What to do -
Reproduce exactly the lines from the start of the records through the line containing "Étiquettes De Buffet", both included. Leave the pictures out.

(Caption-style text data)
※ ※ ※

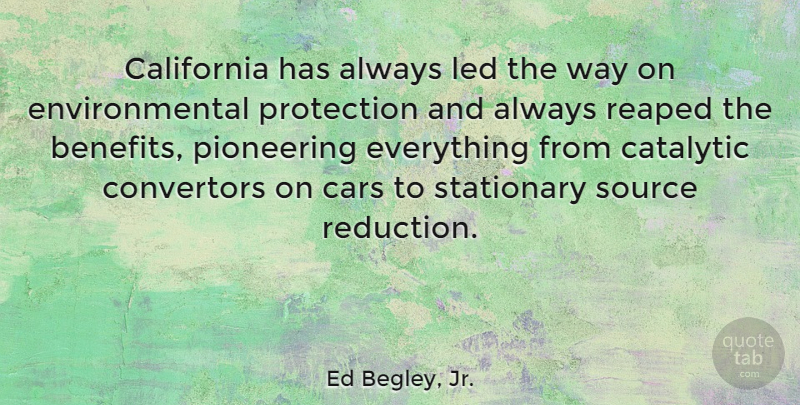 Ed Begley, Jr. Quote About California, Car, Environmental: California Has Always Led The...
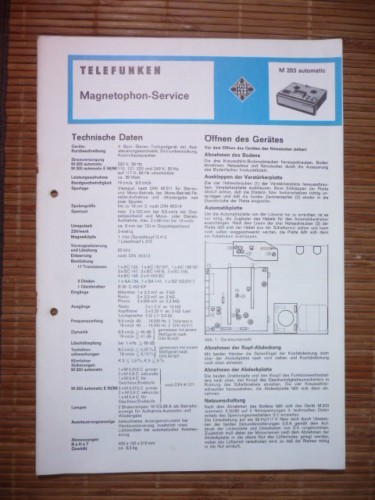 Service manuelle telefunken - service,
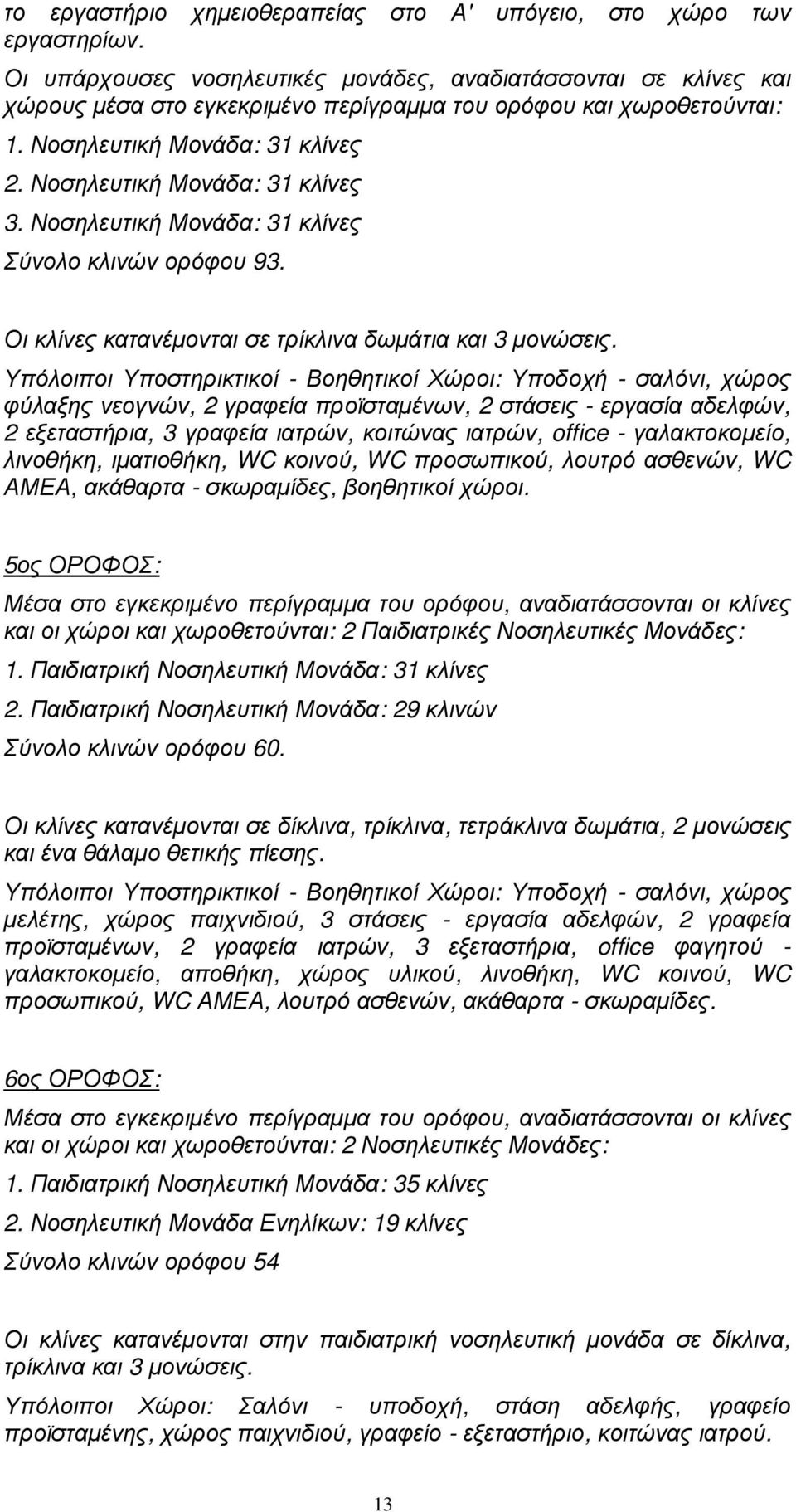 Νοσηλευτική Μονάδα: 31 κλίνες 3. Νοσηλευτική Μονάδα: 31 κλίνες Σύνολο κλινών ορόφου 93. Οι κλίνες κατανέµονται σε τρίκλινα δωµάτια και 3 µονώσεις.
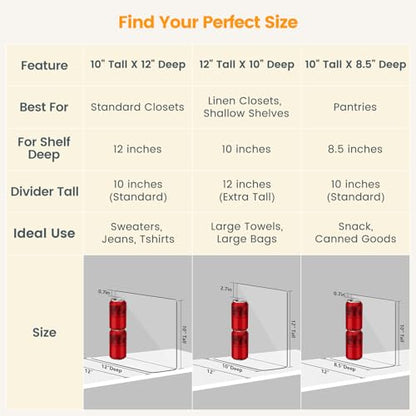 OKPOW Shelf Dividers for Closet Organization – Keep Sweaters & Purses Upright, Clear Acrylic Separators for Most Wood Shelves & Pantry, Damage-Free, Sturdy & Tall (10" x 12", 8 Pack)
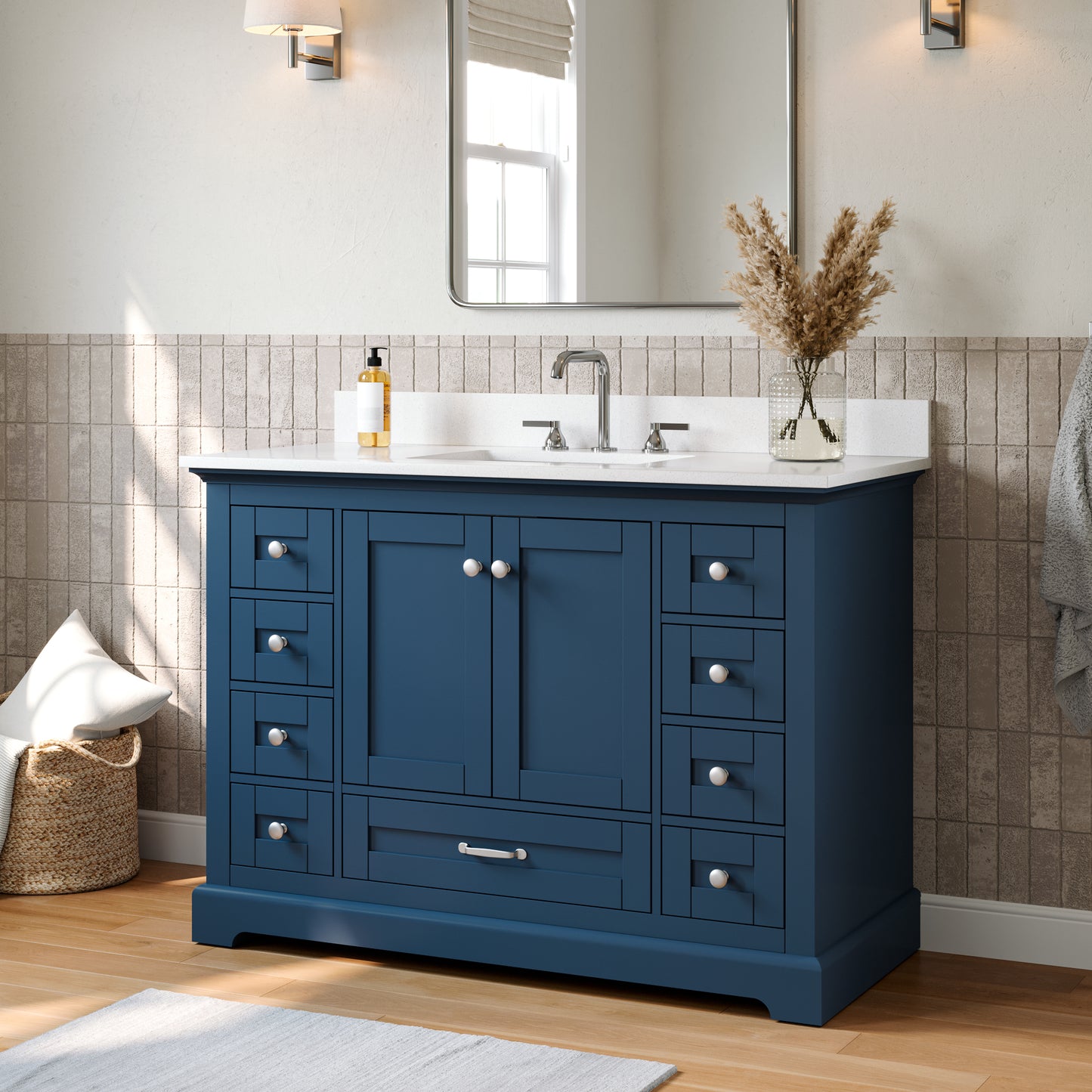 Solid Wood Frame Bathroom Vanity with Spacious Storage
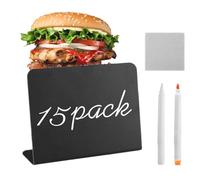 Étiquettes De Buffet Alimentaires - Petites Cartes De Nom De Tableau Noir, Panneaux D'affichage Réutilisables | 15x Table Place Carte Chalk Tags, Bakery Wedding Party Configuration, Célébration Des Ma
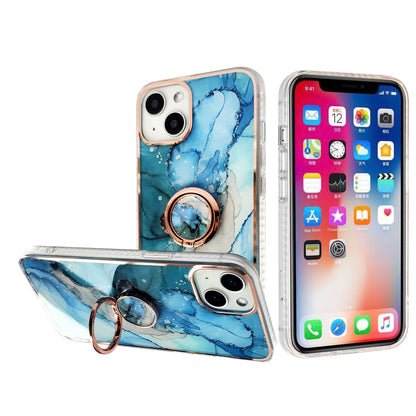 For Apple iPhone 11 (6.1") Pattern Fashion Design Chromed Edge IMD with Ring Kickstand Hybrid TPU Hard Back  Phone Case Cover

※ ※ ※

Your solution -
 Ed Begley, Jr. Quote About California, Car, Environmental: California Has Always Led The...
 Service manuelle telefunken - service,
 Νοσηλευτική Μονάδα: 31 κλίνες 3. Νοσηλευτική Μονάδα: 31 κλίνες Σύνολο κλινών ορόφου 93. Οι κλίνες κατανέµονται σε τρίκλινα δωµάτια και 3 µονώσεις.
 OKPOW Shelf Dividers for Closet Organization – Keep Sweaters & Purses Upright, Clear Acrylic Separators for Most Wood Shelves & Pantry, Damage-Free, Sturdy & Tall (10" x 12", 8 Pack)
 Solid Wood Frame Bathroom Vanity with Spacious Storage
 Étiquettes De Buffet Alimentaires - Petites Cartes De Nom De Tableau Noir, Panneaux D'affichage Réutilisables | 15x Table Place Carte Chalk Tags, Bakery Wedding Party Configuration, Célébration Des Ma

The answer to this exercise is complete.